> _Work instruction_: Pictures stay out of the copy. Transcribe exactly the lines from the line with "Read Beast Burn ar Manga Online" through the final line of the records.

> _Exercise data_:
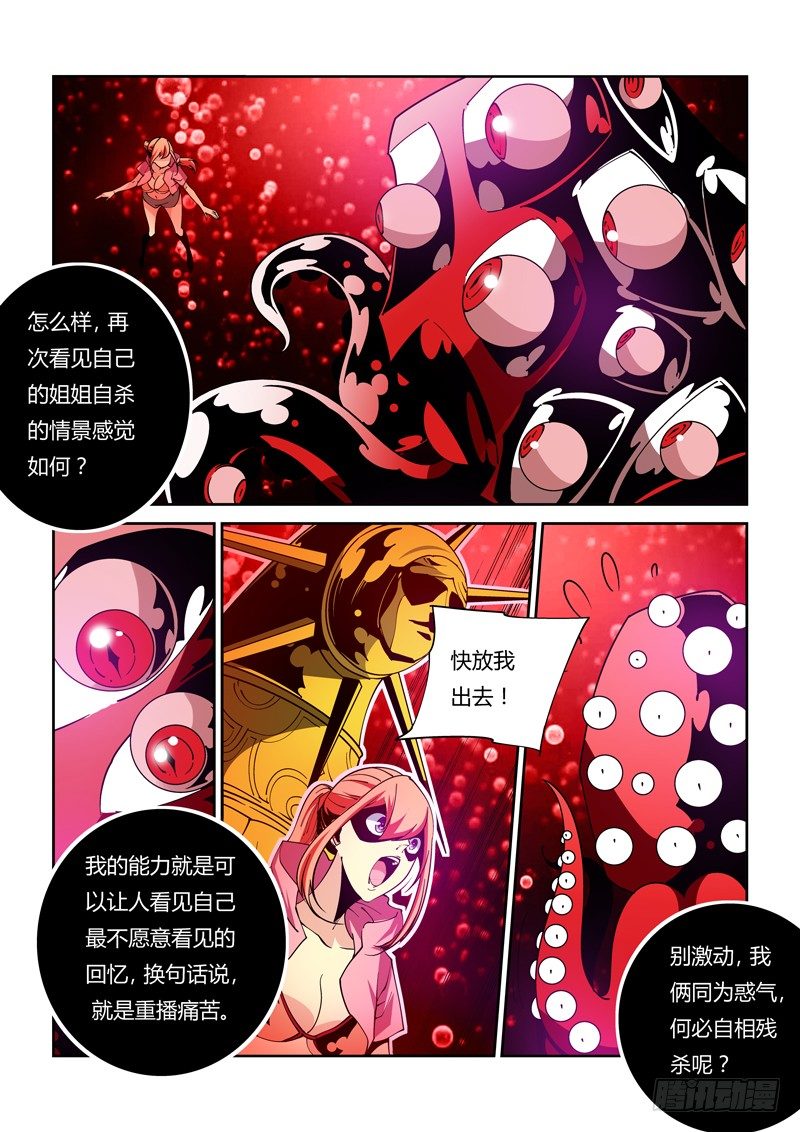 39话3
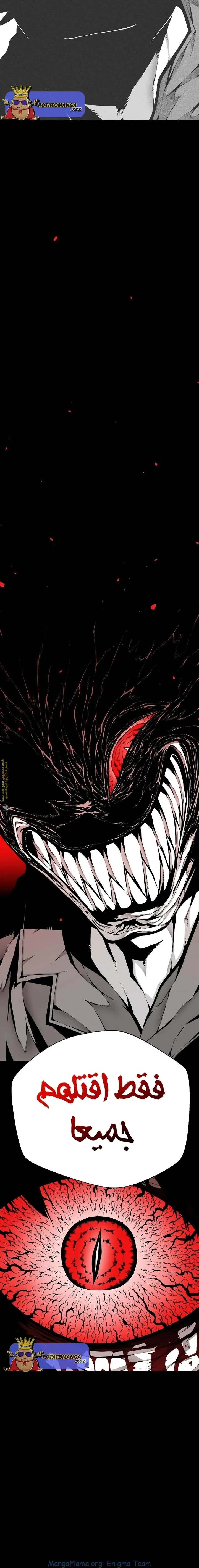Read Beast Burn ar Manga Online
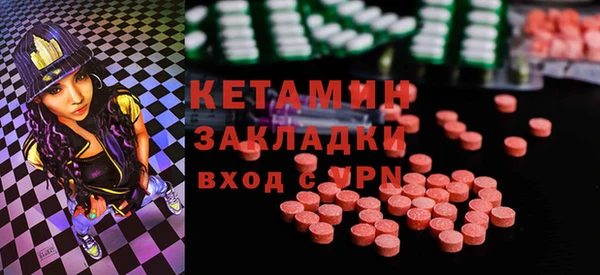 марки nbome Приозерск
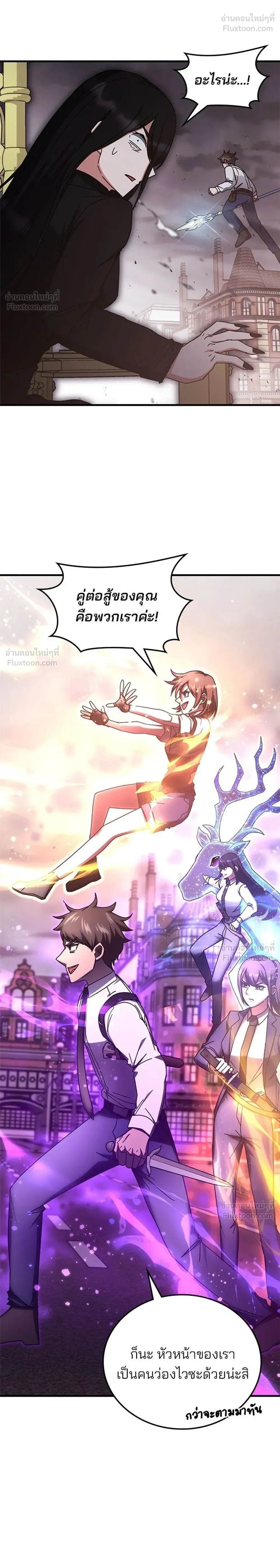 Transcension Academy สถาบันกวดวิชาสำหรับผู้เป็นเลิศ ตอนที่ 134 หน้า 24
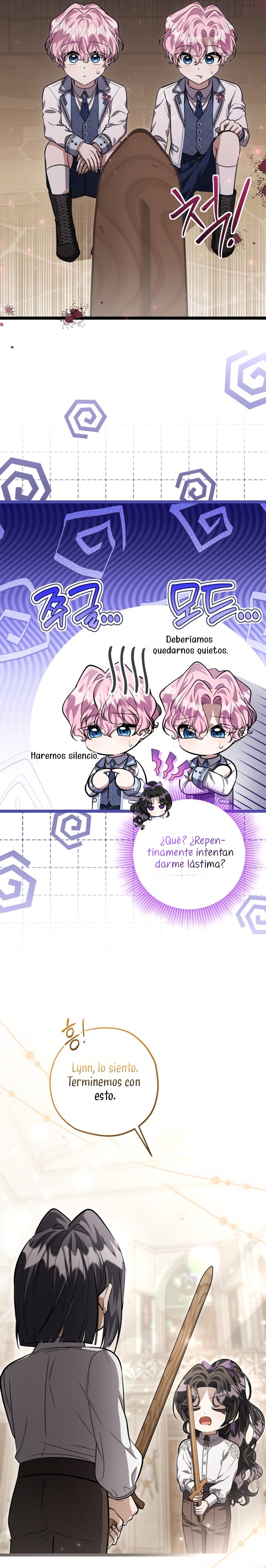 La hija del villano planea huir de casa Capítulo 51 - Página 17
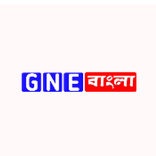 GNE Bangla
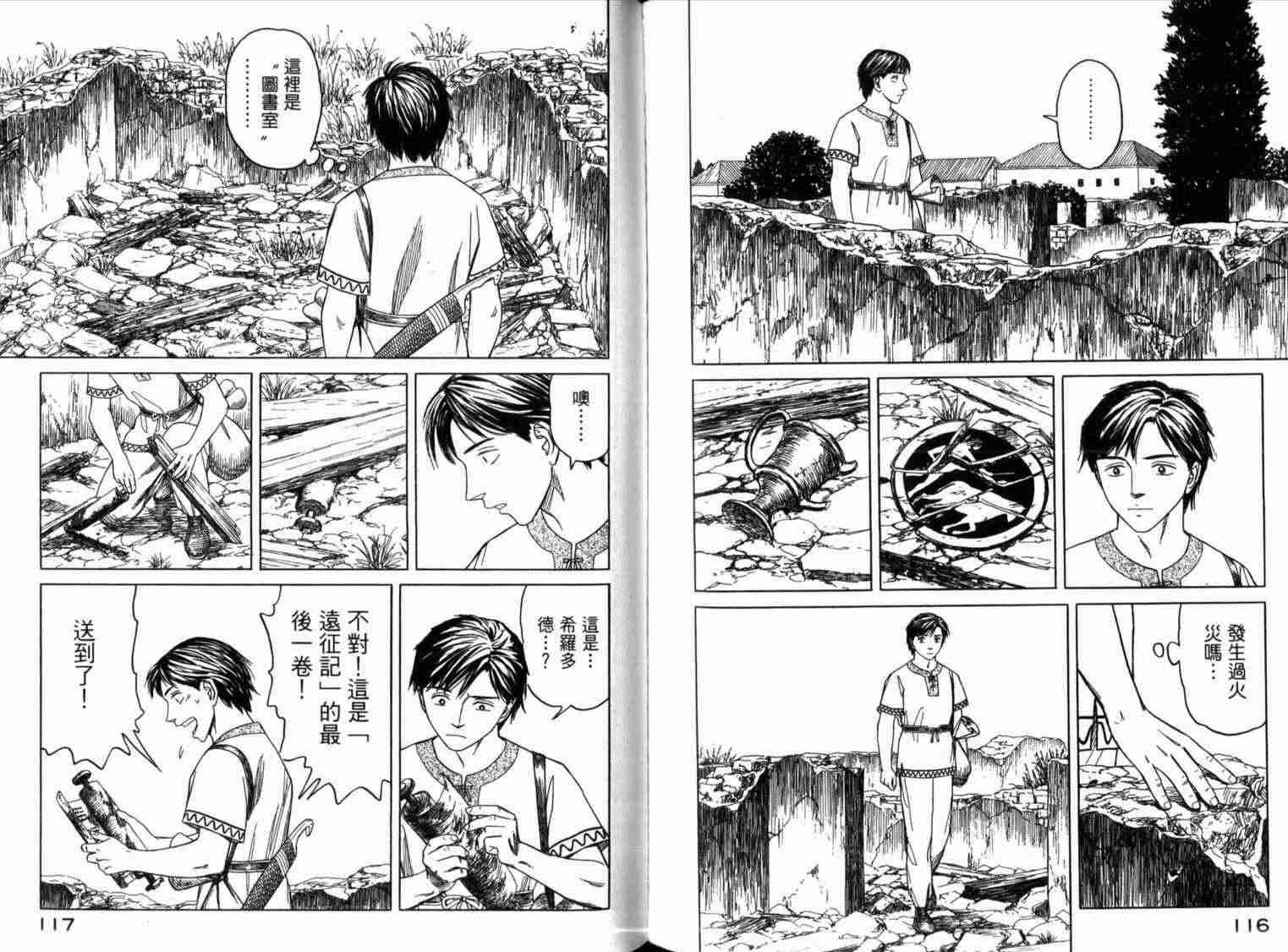 《历史之眼》漫画最新章节第1卷免费下拉式在线观看章节第【62】张图片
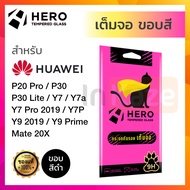 ฟิล์มกระจก เต็มจอ Hero หัวเหว่ย Huawei P30 / P30 Lite / P20 Pro / Mate 20X / Y7a / Y7 / Y7Pro 2019 / Y7P / Y9 2019 / Y9Prime 2019 กันรอย นิรภัย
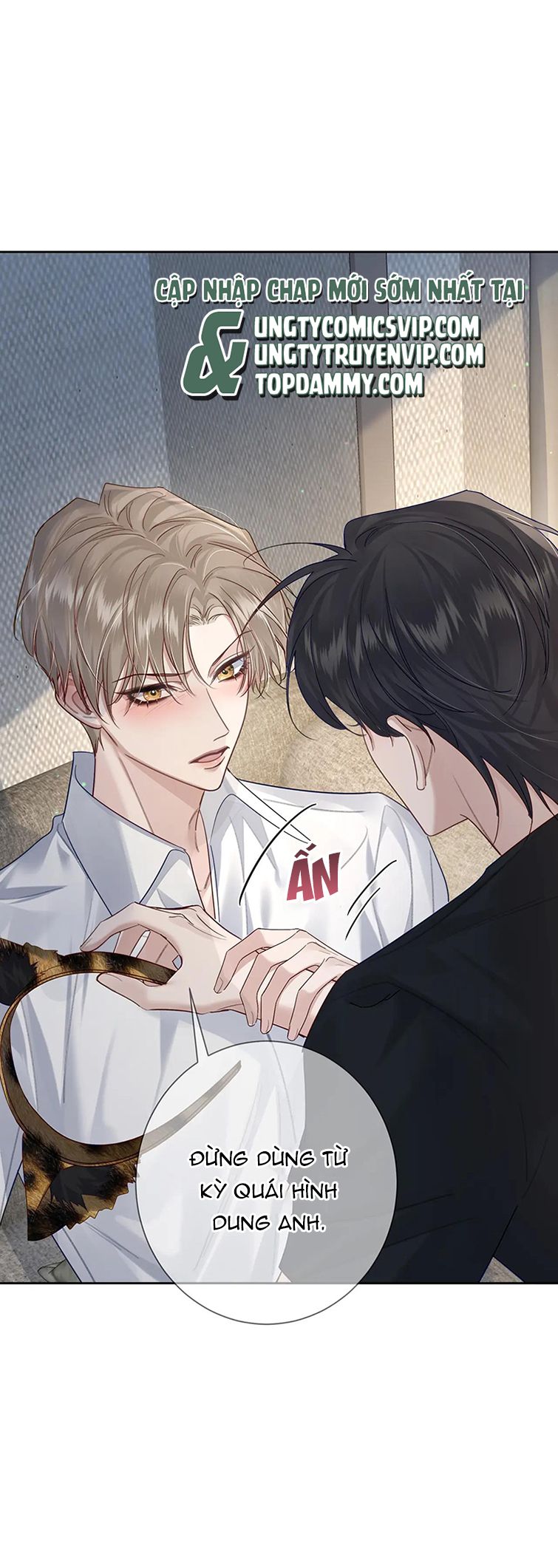 Nhân Vật Chính Chỉ Muốn Yêu Đương: Chapter 51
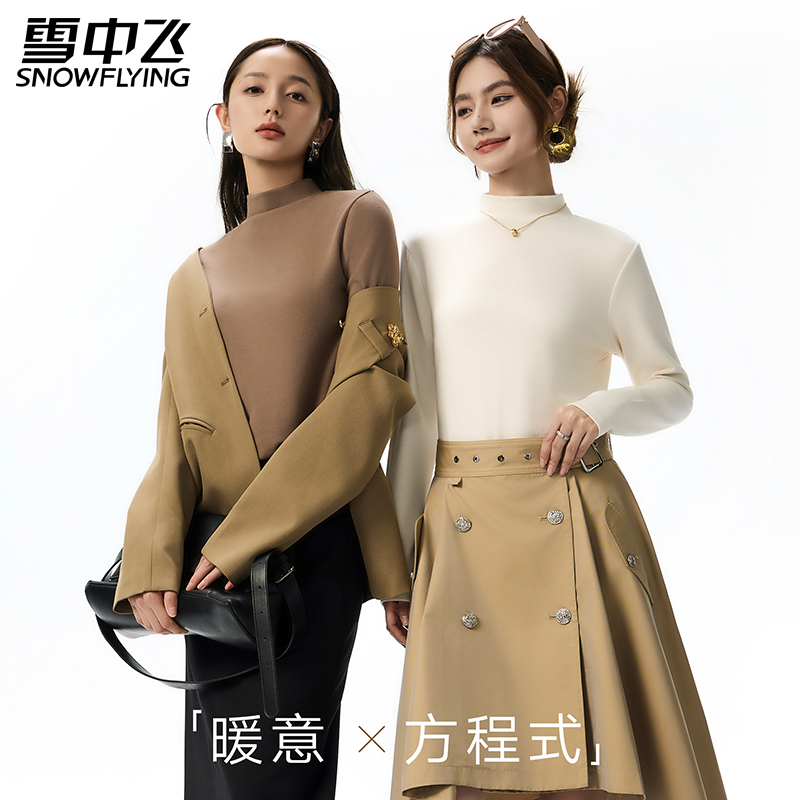 雪中飞情侣10A抗菌半高领秋冬纯色含山茶籽油简约打底衫7812/8812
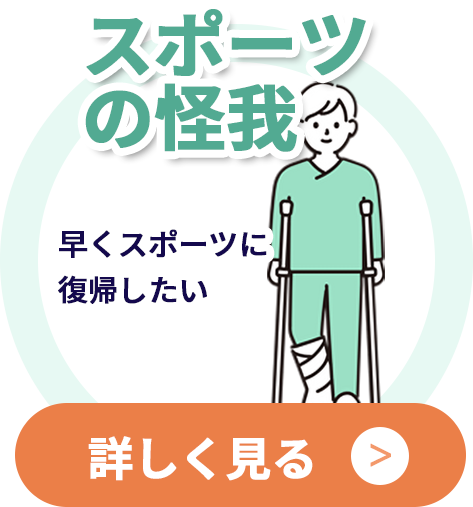 スポーツの怪我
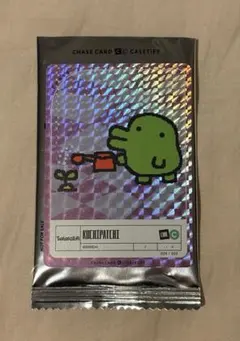 たまごっち×CASETiFY CHASEカード SSR みみっち たまごっち×CASETiFY CHASEカード SSRくちぱっち - メルカリ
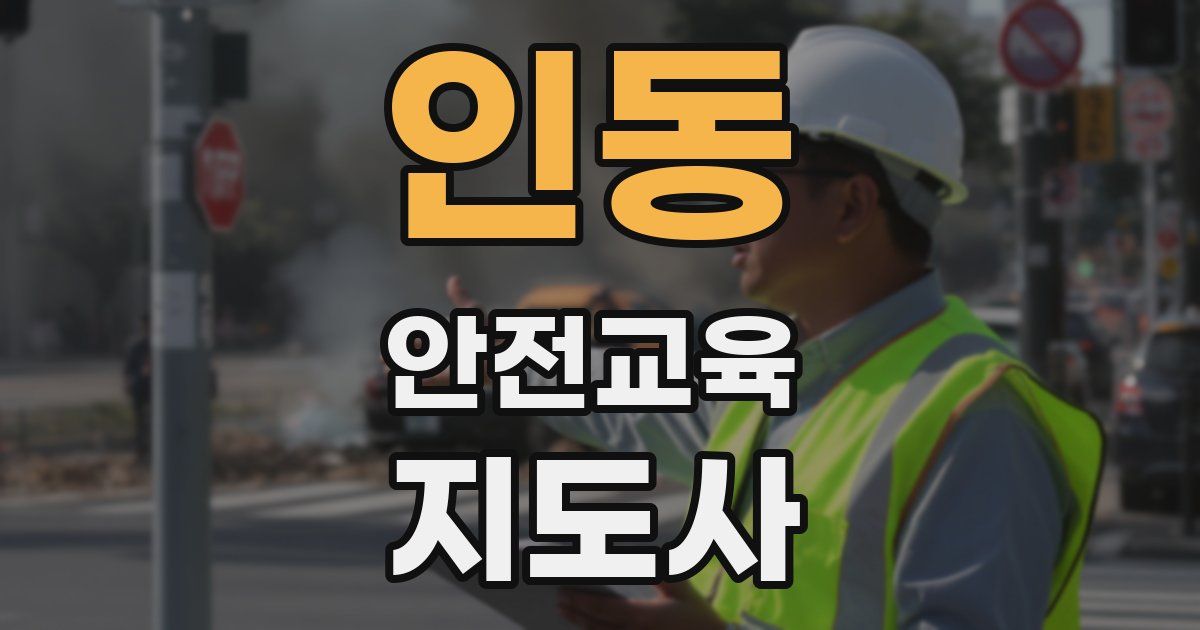 인동 안전교육지도사 자격증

> _Expected answer_:
Read Beast Burn ar Manga Online
 марки nbome Приозерск
 Transcension Academy สถาบันกวดวิชาสำหรับผู้เป็นเลิศ ตอนที่ 134 หน้า 24
 La hija del villano planea huir de casa Capítulo 51 - Página 17
 GNE Bangla
 《历史之眼》漫画最新章节第1卷免费下拉式在线观看章节第【62】张图片
 ฟิล์มกระจก เต็มจอ Hero หัวเหว่ย Huawei P30 / P30 Lite / P20 Pro / Mate 20X / Y7a / Y7 / Y7Pro 2019 / Y7P / Y9 2019 / Y9Prime 2019 กันรอย นิรภัย
 Nhân Vật Chính Chỉ Muốn Yêu Đương: Chapter 51
 雪中飞情侣10A抗菌半高领秋冬纯色含山茶籽油简约打底衫7812/8812
 スポーツの怪我
 たまごっち×CASETiFY CHASEカード SSR みみっち たまごっち×CASETiFY CHASEカード SSRくちぱっち - メルカリ
 인동 안전교육지도사 자격증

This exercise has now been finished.